KUALA LUMPUR: The government has launched a RM500 million Public Transport Fund to encourage public transport adoption while improving and enhancing transport-related infrastructure in the country.
The fund will be managed by Bank Pembangunan Malaysia Bhd.
The fund which comes with a subsidised two per cent financing, can be applied for the purchase of public transport vehicles such as taxis and buses.
It can also be utilised by operators, suppliers, manufacturers, assemblers of public transport vehicles and contractors as well as developers of public transport infrastructures.
While addressing there are ample room for improvements, Finance Minister Lim Guan Eng said the public transport modal share remains low despite heavy investments into rail and bus services.

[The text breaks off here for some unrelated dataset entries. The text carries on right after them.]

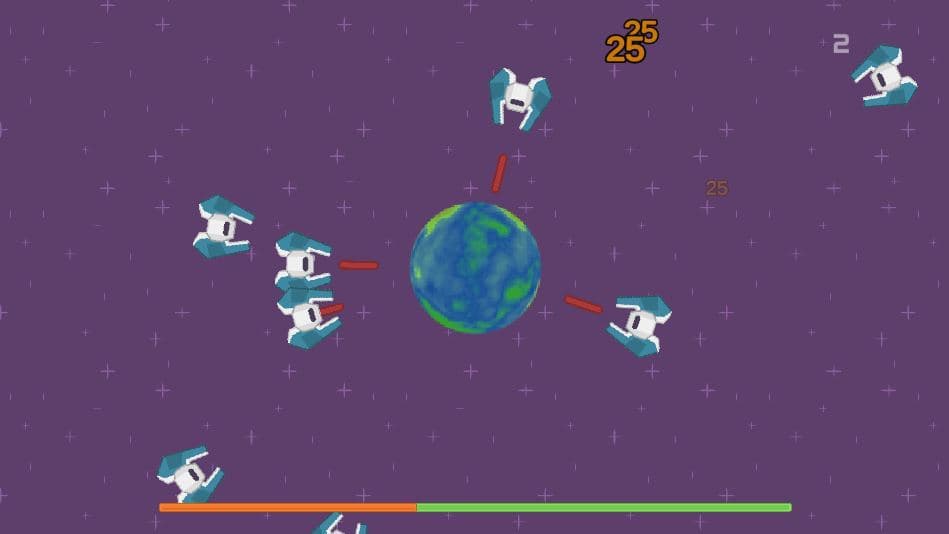 Blast Invaders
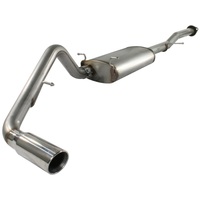 aFe MACHForce XP Exhausts Cat-Back SS-409 EXH CB Chevrolet Suburban 07-08 V8-5.3/6.0L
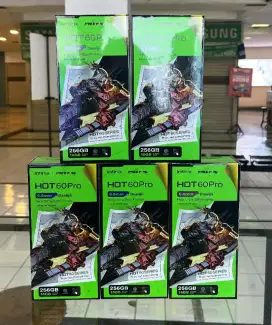 TYPE BARU! INFINIX HOT 60 PRO RAM 8/256GB, GARANSI RESMI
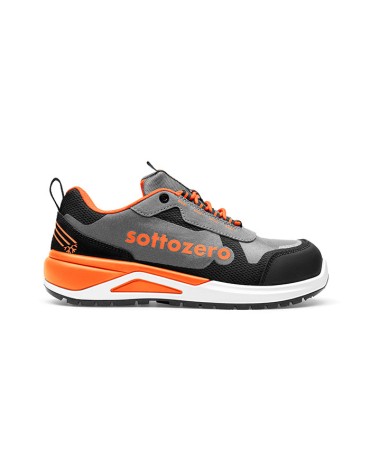 Scarpe antinfortunistiche Sottozero  JET ARANCIO S1PS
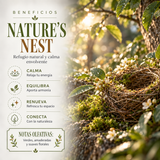 Incienso Nature's Nest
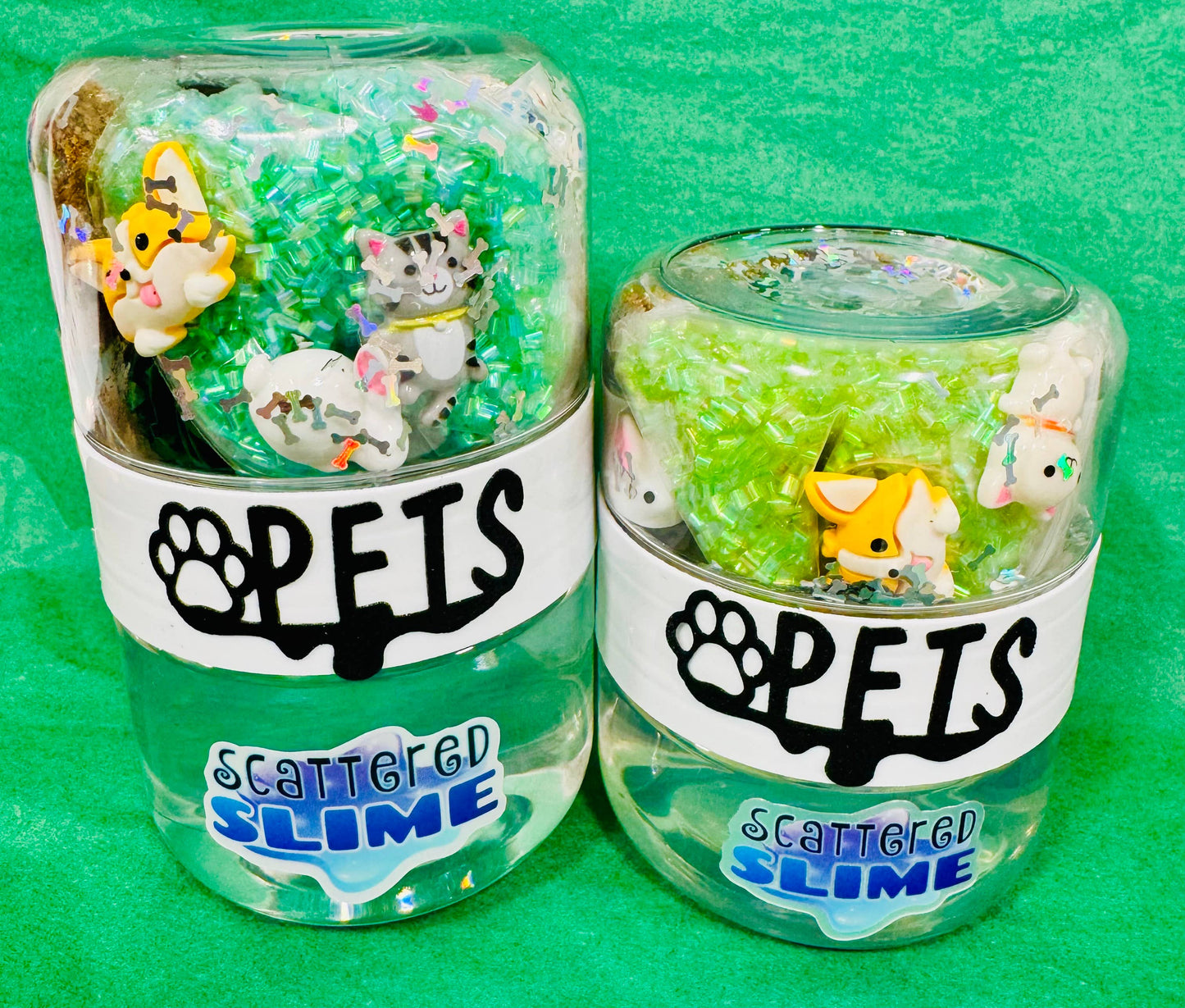 Pets Slime Kit: Big Blob (6 oz.)
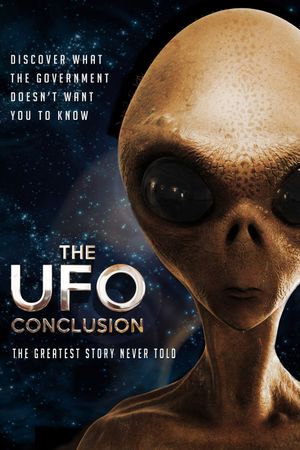 The UFO Conclusion's poster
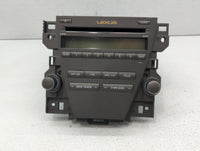 2007-2009 Lexus Es350 Am Fm Cd Player Radio Receiver 418332 - Oemusedautoparts1.com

"A lot still need to be done to achieve the government's target to increase public transport's share of journeys to 40 per cent by 2030 from 21 per cent in 2017.
"Car ownership by Malaysians is also high at 93 per cent, making it the third highest in the world," he said before launching the fund here, today.
The Public Transport Fund is one of the three separate funds totaling RM4.5 billion which the ministry has mandated the Bank Pembangunan to manage in the 2019 Budget.
Bank Pembangunan chairman Datuk Zaiton Mohd Hassan said it is timely to fully utilise the country's public transportation system and remove the stigma that public transportation is for 'people who could not afford their own cars'.
"Most of the rail services nowadays are very much concentrated in the Klang Valley and this should be expanded to other states such as Penang and Johor.
"Public transportation will shorten travel time, reduced road accidents, lesser expenditure of fuel and toll as well as job opportunities for the urban and rural people, which would also boost income," she said.
In Malaysia, transportation is the second highest energy consumer after electric power generation.
Of this, road transportation accounts the vast majority or 85 per cent of transportation emissions, with 59 per cent of it attributed to cars.